Think of Other Opportunities

Extending the functionality of other apps via the intents system will benefit your app, too. Perhaps your app wouldn’t get used every day and would get buried under apps that are used more often. But if your app extends the functionality of other apps and keeps popping up as an option every time the user wants to perform an action that your app can handle, then it will be thought of more by users.

Intents have limitless possibilities. You can build your own intents hierarchy to extend certain functionality to other apps, in effect providing an API that is easy to use and maintain. You are essentially recommending to users other apps that complement yours and, in turn, extending your app’s features without having to write or maintain any code. The intents system is one of the most powerful features of the Android platform.

Quality Control

With the massive number of devices, testing an Android app is much more difficult than testing an iOS app. This is where the fragmentation causes the most problems. Testing on one or two devices is not enough; rather, you have to test on a variety of screen sizes, densities and Android versions.

In addition to what you would normally test on any other platform, you should the following:

  • Test your app thoroughly on the lowest Android version that it runs on. Accidentally using an API that isn’t actually available at runtime on some devices is easy.
  • Test that the search button works on all relevant screens.
  • Make sure that the D-pad and trackball navigation work on all screens.
  • Test all supported screen densities, or at least extra-high, high and medium. Low-density devices can be difficult to find.
  • Test on at least one tablet device. But try to test on as many screen sizes as possible.

Testing in the Cloud

New services are popping up to ease the pain of testing on multiple devices. Services such as Testdroid23 enable developers to test their apps on multiple real devices through a Web interface. Simply upload your app’s package and automated testing script, and the service executes your scripts on dozens of devices. Results can be viewed in a Web browser. Examining screenshots from different devices is even possible, to ensure pixel-perfect UIs.
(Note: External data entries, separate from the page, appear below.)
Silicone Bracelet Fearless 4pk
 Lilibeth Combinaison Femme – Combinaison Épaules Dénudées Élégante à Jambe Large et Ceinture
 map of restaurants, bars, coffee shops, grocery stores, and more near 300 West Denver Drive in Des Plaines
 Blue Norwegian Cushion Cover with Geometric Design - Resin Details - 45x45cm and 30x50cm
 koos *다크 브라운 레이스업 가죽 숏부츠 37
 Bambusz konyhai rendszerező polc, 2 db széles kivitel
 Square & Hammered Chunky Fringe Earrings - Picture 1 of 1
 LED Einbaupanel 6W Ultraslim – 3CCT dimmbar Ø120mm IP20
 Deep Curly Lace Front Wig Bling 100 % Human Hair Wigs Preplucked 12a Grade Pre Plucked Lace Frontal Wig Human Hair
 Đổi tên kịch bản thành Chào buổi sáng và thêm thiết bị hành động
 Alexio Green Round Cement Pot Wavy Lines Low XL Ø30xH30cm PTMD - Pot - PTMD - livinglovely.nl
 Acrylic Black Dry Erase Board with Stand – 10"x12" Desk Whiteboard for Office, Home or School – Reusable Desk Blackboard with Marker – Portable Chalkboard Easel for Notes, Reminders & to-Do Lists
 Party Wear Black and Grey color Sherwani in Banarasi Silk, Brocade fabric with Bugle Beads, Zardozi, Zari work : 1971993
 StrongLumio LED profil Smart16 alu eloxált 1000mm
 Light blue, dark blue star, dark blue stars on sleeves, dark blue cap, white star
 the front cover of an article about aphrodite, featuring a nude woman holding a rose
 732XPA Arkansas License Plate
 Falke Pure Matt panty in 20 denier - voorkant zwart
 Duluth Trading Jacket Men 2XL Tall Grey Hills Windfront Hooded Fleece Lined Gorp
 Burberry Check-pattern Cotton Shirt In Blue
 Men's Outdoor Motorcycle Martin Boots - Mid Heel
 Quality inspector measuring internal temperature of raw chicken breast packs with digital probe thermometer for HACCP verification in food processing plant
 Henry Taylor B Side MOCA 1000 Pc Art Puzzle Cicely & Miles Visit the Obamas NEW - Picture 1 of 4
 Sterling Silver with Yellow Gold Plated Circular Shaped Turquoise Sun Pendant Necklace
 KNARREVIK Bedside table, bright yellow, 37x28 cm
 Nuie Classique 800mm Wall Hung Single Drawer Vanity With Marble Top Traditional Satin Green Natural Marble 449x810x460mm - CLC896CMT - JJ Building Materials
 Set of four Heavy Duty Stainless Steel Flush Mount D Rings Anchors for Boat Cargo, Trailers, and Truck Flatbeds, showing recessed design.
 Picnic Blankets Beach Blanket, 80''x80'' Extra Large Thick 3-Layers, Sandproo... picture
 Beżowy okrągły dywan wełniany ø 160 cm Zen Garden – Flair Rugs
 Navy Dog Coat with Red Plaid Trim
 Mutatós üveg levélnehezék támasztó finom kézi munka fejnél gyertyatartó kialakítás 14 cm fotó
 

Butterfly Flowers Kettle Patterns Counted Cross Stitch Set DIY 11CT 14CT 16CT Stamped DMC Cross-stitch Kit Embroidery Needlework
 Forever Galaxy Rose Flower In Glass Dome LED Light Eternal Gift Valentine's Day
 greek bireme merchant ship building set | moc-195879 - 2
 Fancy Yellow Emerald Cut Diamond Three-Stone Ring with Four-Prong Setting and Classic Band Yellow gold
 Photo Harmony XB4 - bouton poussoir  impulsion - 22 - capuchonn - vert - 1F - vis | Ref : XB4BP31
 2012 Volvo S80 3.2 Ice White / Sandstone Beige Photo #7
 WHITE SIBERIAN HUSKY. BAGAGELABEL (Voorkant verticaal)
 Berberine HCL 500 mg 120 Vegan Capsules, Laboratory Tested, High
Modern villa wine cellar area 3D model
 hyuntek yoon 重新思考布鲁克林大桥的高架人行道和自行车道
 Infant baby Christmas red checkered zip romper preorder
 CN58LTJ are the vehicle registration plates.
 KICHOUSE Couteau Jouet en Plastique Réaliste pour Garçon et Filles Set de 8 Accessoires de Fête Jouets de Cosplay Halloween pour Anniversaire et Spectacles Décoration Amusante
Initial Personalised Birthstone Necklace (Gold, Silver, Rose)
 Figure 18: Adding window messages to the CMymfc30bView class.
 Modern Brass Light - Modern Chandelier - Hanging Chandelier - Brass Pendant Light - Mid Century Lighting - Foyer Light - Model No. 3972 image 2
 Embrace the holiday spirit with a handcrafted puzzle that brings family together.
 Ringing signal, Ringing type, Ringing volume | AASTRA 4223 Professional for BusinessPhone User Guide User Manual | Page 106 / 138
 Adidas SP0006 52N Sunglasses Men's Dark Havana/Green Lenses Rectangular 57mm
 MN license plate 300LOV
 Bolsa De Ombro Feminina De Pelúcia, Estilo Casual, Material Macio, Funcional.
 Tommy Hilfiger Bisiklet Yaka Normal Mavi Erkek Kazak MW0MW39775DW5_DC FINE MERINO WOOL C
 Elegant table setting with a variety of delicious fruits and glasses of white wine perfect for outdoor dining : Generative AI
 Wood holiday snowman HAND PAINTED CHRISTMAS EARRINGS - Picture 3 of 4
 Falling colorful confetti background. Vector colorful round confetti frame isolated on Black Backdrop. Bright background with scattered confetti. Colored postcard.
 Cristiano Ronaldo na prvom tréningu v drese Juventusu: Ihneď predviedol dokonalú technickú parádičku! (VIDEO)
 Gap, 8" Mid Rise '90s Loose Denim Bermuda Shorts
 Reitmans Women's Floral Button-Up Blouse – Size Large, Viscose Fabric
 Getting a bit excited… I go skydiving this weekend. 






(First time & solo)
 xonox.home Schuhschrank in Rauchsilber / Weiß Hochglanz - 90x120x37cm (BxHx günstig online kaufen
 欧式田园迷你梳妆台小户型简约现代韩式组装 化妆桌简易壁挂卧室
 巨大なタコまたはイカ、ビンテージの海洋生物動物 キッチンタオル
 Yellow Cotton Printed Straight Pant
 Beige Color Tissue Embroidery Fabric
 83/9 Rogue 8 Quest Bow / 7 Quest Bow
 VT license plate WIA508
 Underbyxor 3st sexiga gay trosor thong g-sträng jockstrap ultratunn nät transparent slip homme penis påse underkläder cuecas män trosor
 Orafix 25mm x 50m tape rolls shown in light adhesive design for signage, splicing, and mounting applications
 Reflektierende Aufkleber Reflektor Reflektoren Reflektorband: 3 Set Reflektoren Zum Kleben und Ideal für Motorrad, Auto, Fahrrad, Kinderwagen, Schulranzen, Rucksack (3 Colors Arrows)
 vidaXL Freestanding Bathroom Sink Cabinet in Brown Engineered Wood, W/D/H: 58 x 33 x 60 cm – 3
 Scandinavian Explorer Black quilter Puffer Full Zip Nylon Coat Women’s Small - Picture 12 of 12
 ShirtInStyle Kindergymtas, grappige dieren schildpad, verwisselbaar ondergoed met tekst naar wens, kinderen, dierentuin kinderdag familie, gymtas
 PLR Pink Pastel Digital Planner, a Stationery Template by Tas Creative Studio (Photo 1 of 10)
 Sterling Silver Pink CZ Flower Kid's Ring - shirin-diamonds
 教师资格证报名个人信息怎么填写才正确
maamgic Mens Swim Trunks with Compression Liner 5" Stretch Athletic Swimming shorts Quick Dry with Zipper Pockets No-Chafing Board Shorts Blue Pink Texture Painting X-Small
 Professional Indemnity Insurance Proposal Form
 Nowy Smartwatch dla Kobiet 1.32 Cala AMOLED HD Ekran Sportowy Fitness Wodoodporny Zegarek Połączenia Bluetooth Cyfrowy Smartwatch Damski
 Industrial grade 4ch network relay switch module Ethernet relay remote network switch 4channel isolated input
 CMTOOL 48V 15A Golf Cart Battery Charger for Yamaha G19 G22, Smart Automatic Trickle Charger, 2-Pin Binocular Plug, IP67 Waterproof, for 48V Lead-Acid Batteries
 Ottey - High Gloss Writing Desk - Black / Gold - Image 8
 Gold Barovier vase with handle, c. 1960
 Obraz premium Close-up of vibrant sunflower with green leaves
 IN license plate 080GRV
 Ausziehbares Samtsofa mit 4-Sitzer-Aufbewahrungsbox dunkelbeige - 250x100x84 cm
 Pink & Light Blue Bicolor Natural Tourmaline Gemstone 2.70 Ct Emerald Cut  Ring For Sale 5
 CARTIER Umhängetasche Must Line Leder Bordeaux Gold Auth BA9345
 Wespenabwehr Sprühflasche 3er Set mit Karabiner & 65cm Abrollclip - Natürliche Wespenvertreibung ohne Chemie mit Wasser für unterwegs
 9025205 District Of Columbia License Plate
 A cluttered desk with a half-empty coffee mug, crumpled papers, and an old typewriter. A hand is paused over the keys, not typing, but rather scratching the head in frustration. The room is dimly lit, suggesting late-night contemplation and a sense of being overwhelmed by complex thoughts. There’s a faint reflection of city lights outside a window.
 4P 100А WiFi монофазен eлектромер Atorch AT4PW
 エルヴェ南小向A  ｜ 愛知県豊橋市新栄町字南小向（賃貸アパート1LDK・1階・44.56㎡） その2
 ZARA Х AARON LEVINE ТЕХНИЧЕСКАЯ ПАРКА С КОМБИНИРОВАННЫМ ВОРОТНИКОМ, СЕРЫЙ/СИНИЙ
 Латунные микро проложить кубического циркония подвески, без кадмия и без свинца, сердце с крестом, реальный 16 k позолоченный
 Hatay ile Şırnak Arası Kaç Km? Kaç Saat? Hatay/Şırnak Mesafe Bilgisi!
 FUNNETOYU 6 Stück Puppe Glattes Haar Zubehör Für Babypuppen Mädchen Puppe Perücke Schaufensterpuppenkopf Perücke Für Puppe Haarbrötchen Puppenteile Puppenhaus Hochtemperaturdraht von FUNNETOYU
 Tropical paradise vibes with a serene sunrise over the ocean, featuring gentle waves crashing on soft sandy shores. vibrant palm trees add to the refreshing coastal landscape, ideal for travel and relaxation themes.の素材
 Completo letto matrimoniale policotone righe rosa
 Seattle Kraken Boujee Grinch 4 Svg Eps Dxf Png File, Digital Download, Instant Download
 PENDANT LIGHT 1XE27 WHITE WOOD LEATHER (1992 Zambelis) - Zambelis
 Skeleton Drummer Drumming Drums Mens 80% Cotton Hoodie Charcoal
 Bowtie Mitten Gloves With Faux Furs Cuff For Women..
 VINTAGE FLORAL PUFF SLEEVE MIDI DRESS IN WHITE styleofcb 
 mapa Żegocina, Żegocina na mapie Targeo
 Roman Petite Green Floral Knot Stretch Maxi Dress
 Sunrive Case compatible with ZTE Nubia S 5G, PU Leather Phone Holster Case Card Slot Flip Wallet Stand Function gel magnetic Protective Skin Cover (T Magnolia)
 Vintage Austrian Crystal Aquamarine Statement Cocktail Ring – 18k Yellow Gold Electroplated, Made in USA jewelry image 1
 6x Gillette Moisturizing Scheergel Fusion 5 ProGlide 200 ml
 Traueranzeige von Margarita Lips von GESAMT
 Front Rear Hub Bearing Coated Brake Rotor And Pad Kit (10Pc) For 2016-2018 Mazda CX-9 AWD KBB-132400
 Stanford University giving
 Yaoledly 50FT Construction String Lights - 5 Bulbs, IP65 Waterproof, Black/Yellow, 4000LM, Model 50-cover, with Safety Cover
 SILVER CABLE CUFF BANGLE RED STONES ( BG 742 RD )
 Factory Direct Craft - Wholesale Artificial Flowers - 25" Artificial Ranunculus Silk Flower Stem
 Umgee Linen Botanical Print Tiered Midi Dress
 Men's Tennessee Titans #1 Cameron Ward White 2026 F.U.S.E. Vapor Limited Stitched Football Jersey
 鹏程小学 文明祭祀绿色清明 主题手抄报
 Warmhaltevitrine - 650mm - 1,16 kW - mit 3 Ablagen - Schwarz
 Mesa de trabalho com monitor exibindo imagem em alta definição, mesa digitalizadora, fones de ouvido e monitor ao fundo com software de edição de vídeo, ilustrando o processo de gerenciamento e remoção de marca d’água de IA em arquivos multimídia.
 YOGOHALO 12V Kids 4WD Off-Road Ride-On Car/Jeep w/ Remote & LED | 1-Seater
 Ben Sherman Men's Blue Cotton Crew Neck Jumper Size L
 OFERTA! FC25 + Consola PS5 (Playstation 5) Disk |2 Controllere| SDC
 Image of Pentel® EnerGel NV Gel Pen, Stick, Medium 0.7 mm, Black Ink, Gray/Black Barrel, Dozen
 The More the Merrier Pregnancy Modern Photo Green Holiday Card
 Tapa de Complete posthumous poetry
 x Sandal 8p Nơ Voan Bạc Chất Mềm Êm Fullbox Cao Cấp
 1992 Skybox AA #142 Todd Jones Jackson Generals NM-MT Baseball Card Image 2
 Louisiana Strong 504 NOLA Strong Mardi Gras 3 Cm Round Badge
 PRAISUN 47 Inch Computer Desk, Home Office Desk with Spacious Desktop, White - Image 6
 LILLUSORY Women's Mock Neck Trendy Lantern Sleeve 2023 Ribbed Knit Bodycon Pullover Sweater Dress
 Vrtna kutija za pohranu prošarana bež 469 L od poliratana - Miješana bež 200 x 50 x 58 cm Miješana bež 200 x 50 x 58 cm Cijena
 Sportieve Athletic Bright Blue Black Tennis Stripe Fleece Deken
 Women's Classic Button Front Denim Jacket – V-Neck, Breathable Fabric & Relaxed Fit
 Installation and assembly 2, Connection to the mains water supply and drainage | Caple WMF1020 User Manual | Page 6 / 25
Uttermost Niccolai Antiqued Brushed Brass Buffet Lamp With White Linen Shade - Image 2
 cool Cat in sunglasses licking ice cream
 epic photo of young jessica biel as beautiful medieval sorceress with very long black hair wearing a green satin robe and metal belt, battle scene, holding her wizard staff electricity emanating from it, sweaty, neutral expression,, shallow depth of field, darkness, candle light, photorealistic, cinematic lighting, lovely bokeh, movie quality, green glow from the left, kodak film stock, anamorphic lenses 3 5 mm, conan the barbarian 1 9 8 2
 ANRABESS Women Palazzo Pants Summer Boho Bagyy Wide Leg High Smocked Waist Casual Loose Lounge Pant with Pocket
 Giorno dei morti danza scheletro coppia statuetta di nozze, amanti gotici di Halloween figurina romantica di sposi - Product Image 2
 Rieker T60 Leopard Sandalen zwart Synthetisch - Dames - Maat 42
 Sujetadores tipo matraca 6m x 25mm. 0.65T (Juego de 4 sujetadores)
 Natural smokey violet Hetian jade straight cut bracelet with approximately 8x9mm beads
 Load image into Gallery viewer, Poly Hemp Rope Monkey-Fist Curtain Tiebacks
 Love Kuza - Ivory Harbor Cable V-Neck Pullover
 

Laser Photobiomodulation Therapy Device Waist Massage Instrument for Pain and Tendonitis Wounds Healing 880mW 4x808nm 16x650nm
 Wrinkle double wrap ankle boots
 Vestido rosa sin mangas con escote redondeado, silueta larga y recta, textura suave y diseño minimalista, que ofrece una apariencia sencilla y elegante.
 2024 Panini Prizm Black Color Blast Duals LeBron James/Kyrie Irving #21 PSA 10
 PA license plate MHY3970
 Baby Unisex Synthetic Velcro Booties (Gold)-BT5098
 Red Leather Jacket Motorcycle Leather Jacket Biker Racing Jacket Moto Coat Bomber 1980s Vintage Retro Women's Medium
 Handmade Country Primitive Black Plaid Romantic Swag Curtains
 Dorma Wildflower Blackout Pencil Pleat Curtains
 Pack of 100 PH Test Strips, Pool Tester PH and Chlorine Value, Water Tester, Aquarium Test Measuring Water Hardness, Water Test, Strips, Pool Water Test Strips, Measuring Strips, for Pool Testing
Testdroid cloud screenshot24
Testdroid is a cloud service for testing Android apps on multiple devices. Large preview25.

Distribute The App

Once your app is tested and ready, you need to get it to users. You’ll have to choose how to do it. Very few Android devices are restricted to one app store. The overwhelming majority of Android devices ship with Google Play, which is the most important route to reaching users on the platform.

Google Play

The Google Play store doesn’t have a formal process for approving apps. Any application package uploaded to Play will appear in the store’s listings to users. App guidelines do exist, but they are enforced only if there are complaints, and even then pretty randomly. This means that your app will be swamped by hundreds of other apps of varying quality.

So, how to rise above the masses and get the attention of users?

The first 30 days are important! Your app will appear in the listing for new paid or free apps during that time. Ranking relatively high in this listing during this time is much easier than ranking high in the overall top lists. Make sure that your app’s website links to Google Play from the start, and use all social networks to tell people about your app’s launch.

Getting recognized as a trusted brand is difficult. Google Play contains many apps that use registered trademarks without permission. Users have come to learn that a logo is no indication that an app was actually produced by that logo’s company. To increase trust, make sure the “Visit Developer’s Website” link points to the official website, and if possible link back to your app from there.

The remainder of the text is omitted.